My friend Susan replied, “I’d like to write about growing up with an alcoholic mother, but she’s still alive. She’d kill me.”

“Really? What part of the story do you think she’d object to?” I asked. I was being a bit devilish or at least provoking, because sometimes it can be too early for the writer to approach certain subjects/life experiences – which doesn’t mean that they shouldn’t try to write about them, it’s just that it may take many drafts, many re-entries into the subject, to find out what it is they want to say. But this is the purpose of memoir. In writing about what we remember we are reflecting about something significant that happened in our life and trying to do it as truthfully as possible. The fact that some members of our family may not agree with our understanding comes with the territory. My brother often reads my work and says, “Oh, no, Ruth, it wasn’t like that.” 

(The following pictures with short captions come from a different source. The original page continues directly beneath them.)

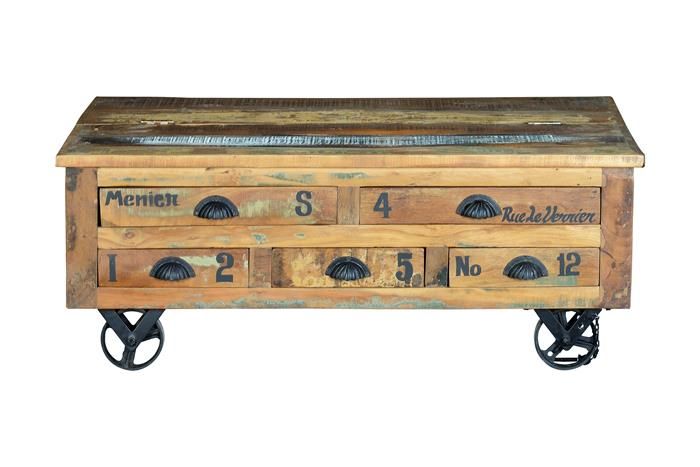 Mesa Centro Madera Reciclada Multicolor Tapa, 110 Cm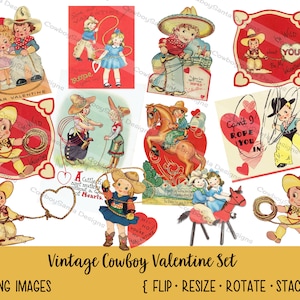 Vintage Cowboy en Cowgirl Valentijnsdag | DIRECT DOWNLOADEN | Doe-het-zelf | Print je eigen | Digitale collage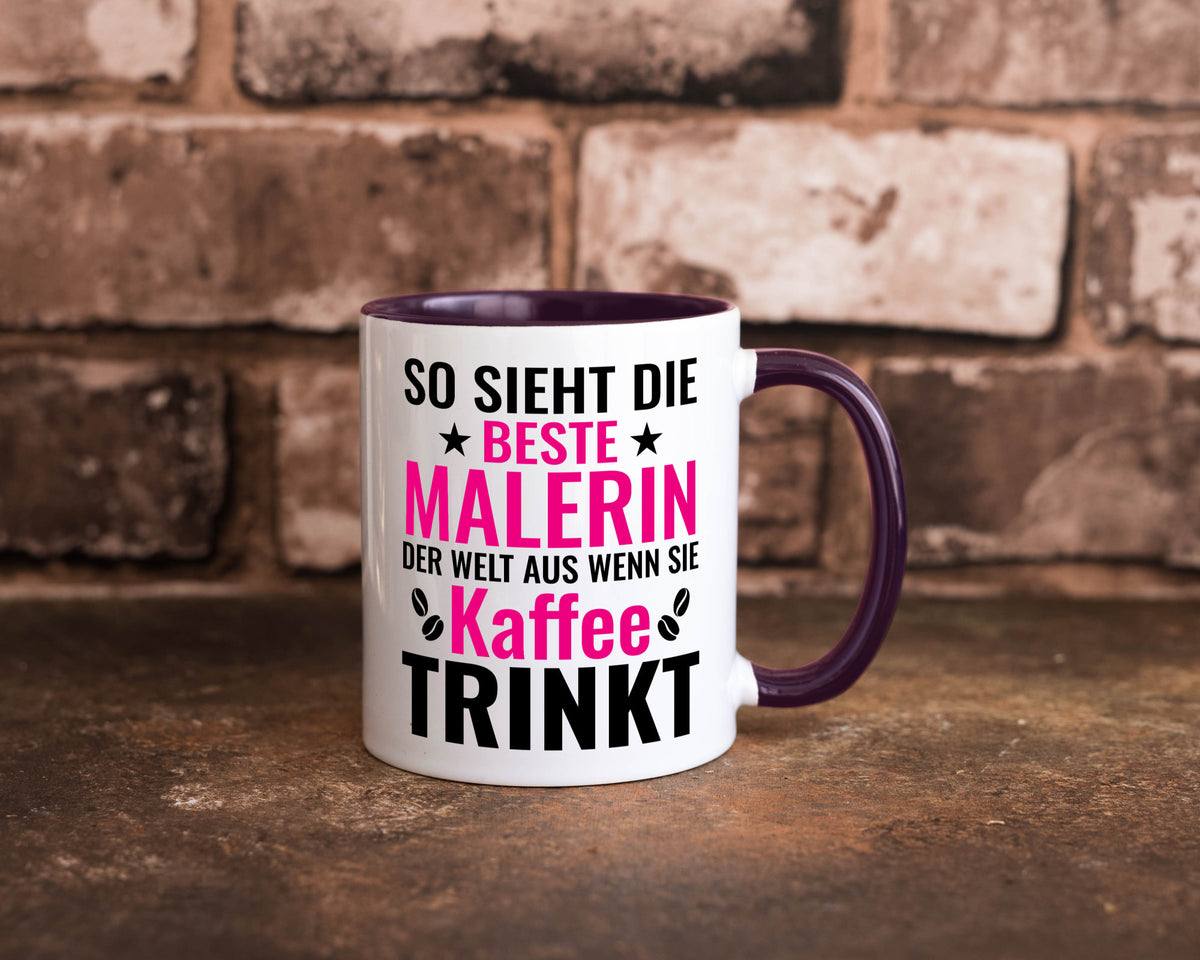 Kaffee trinkt: Malerin | Malerinnen lustiger Spruch Geschenk Humor Geschenkidee Tasse
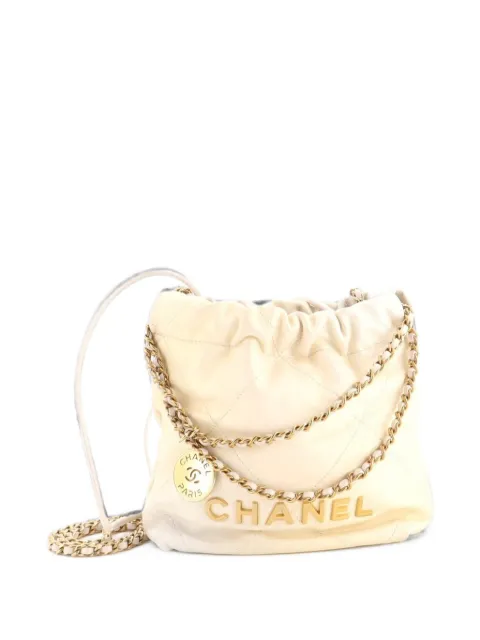 CHANEL Pre-Owned 22 Chain Hobo Quilted Shaded Calfskin Mini crossbody bag Neutrals W7XQ1MTEUDVGM3EE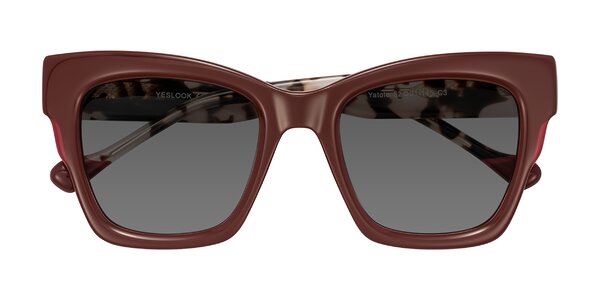 Front of Yatole in Maroon/Ivory Tortoise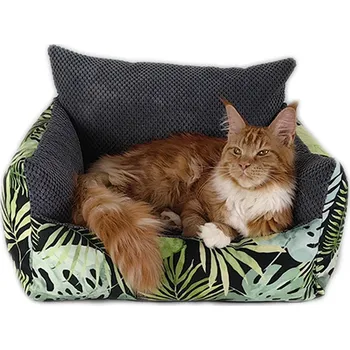 Pelíšek pro psa Pelíšek JUNA (Zelené listy), 90x70 hnědý, polštář: bonbón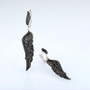 Black Angel's Wing 925 Sterling Silver  Cubic Zirconia Earrings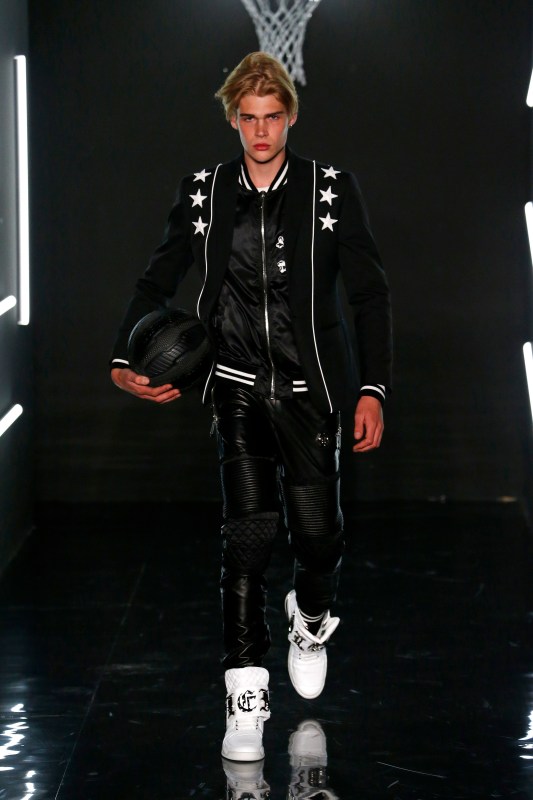 A model walks the runway at the Philipp Plein show during Milan Men's Fashion Week SS17. (Estrop/Getty Images)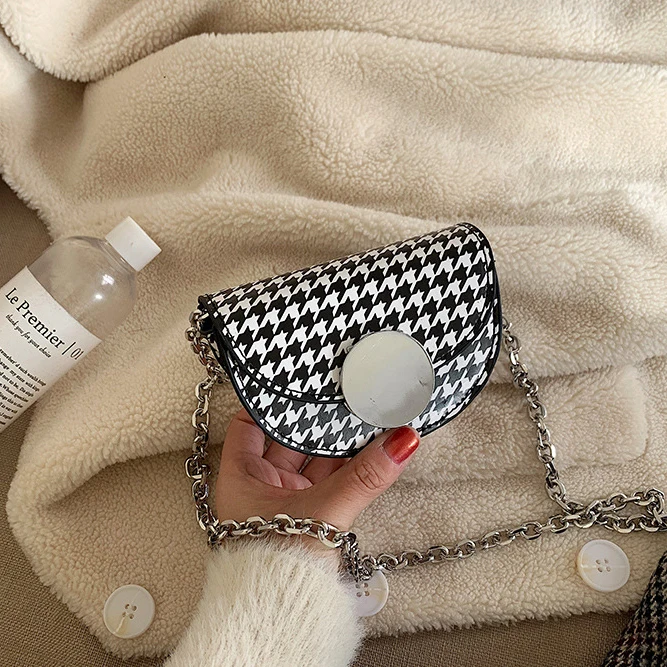 Houndstooth Винтажные клетчатые мини полукруглые сумки через плечо для женщин, сумки на полумесяца, сумки на седло Ins, женские кошельки для ключей, женские сумки с круглым замком - Цвет: Houndstooth
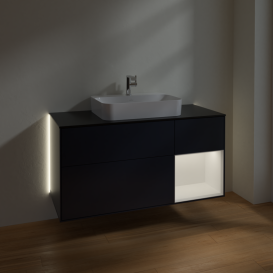 Тумба под раковину Villeroy & Boch Finion 120х50,1 см с подсветкой МДФ темно-синий матовый лак/стекло черное матовое G422MTHG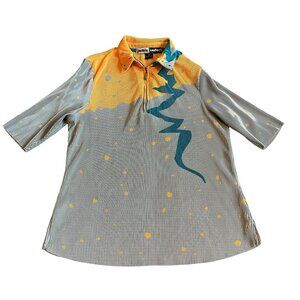 Jamie Sadock Plisse Pleated Top Shirt Stretch Abstract Golf Athletic Tennis Med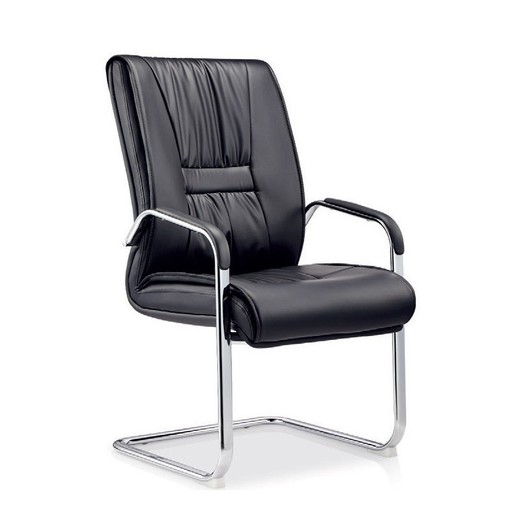 Καρέκλα γραφείου χωρίς ρόδες Flanders από συνθετικό δέρμα και μαύρο μέταλλο, 57x64x100 cm
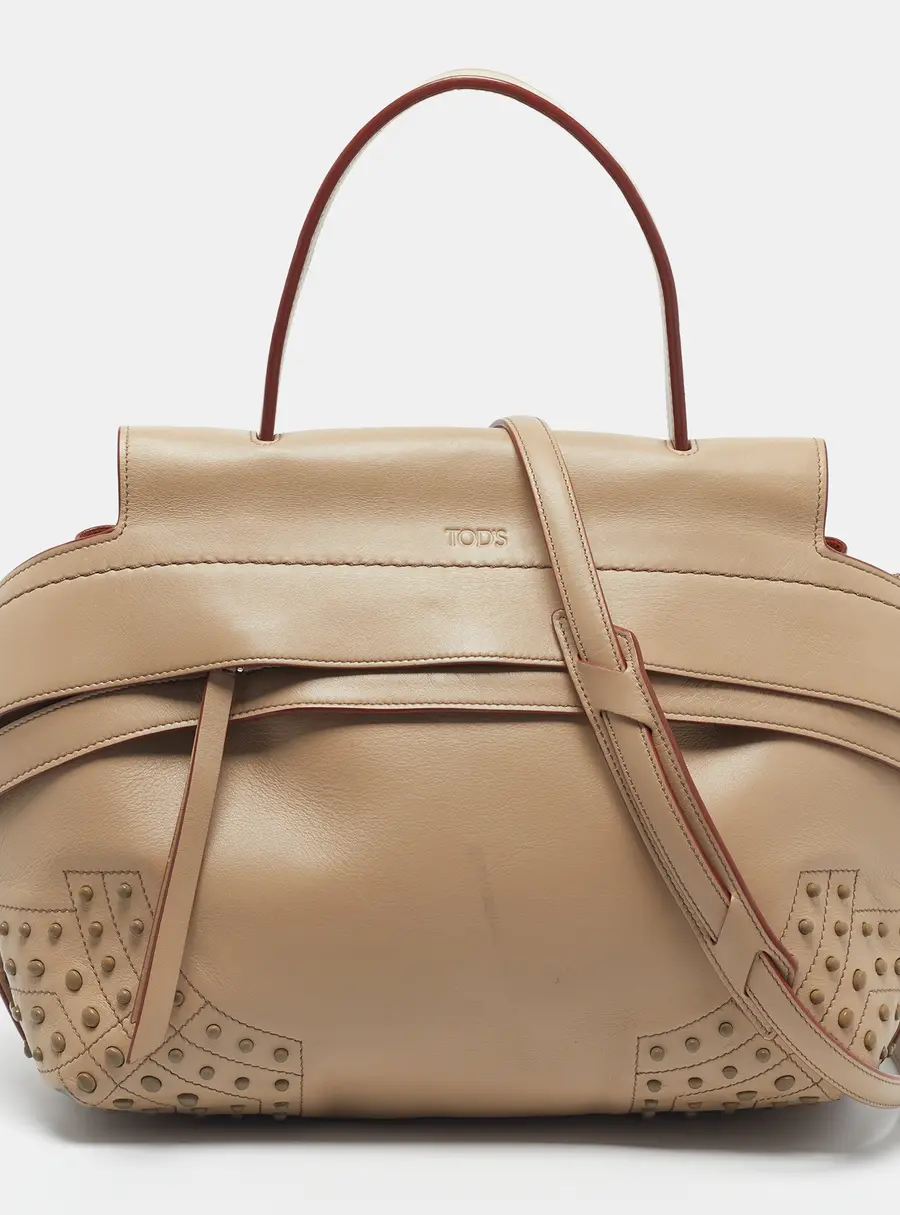 Tod's Wave Beige Leather Top Handle Bag
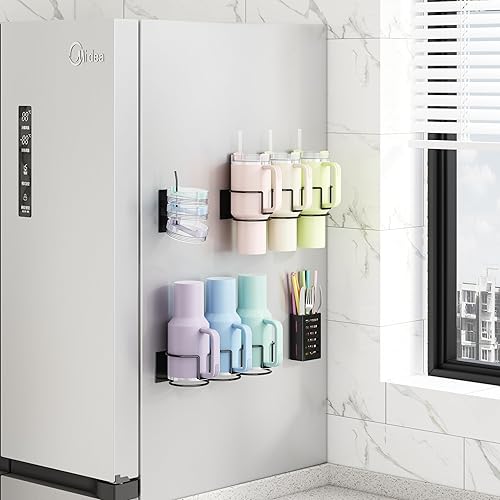 Miniatura 7 de Portavasos magnético para refrigerador, se adapta a vasos Stanley de 203040 onzas, organizador de botellas de agua con estante para tapa y soporte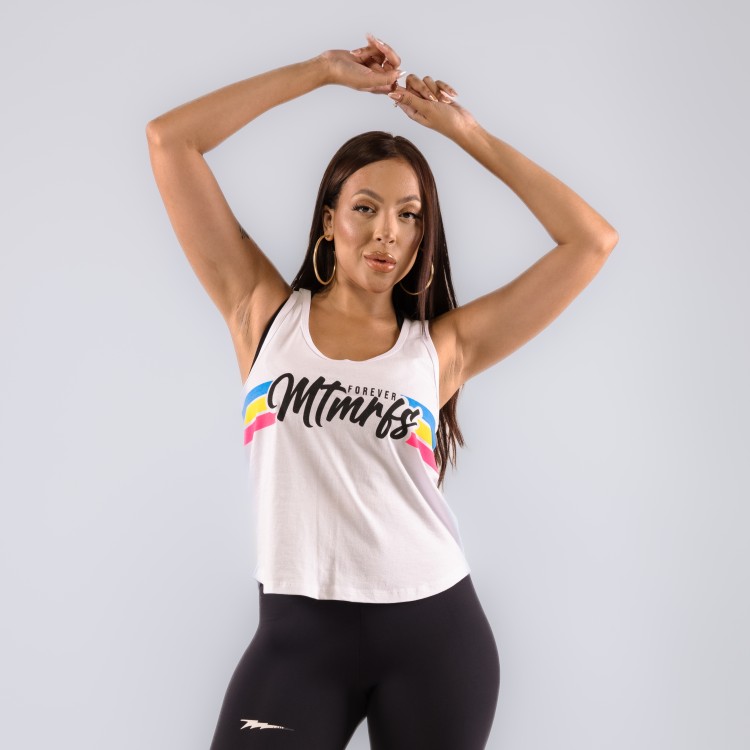 Regata Feminina Fit Rainbow Branca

But what about this nagging question as to whether we should write about certain subjects at all, ever?

Judith Barrington writes in Writing the Memoir: From Truth to Art that memoirist Jill Kerr Conway said that she couldn’t have written The Road from Coorain while her mother was alive. “She would have struck me dead,” said Conway. But Annie Dillard simply left out any details that might have troubled her family in An American Childhood. Teresa Jordan said that it was extremely hard to start writing about her family when she wrote, Riding the White Horse Home. “The ranching world is a very private world,” she said. “You don’t complain and you don’t tell anyone your secrets.”

All writers of memoir will agree that it is our intention, our purpose in writing about family that matters most. Writing with the goal of exposure and retaliation is always obvious to the reader. Readers don’t like it when we milk them for sympathy. They want to participate in our thoughts and insights about what happened and witness the circumstances of the situation in a well-described scene. They want to experience writers who have thought deeply and compassionately about their subject.

For now, I can only say that sometimes we must begin to write those stories that lurk within, and, if we want to write something that might resonate with others, the more truthful must be the particulars of the story – the details within the scenes and the insight of the writer. Writing – and the truth – will set you free. And, you may feel more courageous to face the family after you come to know your thoughts on the page.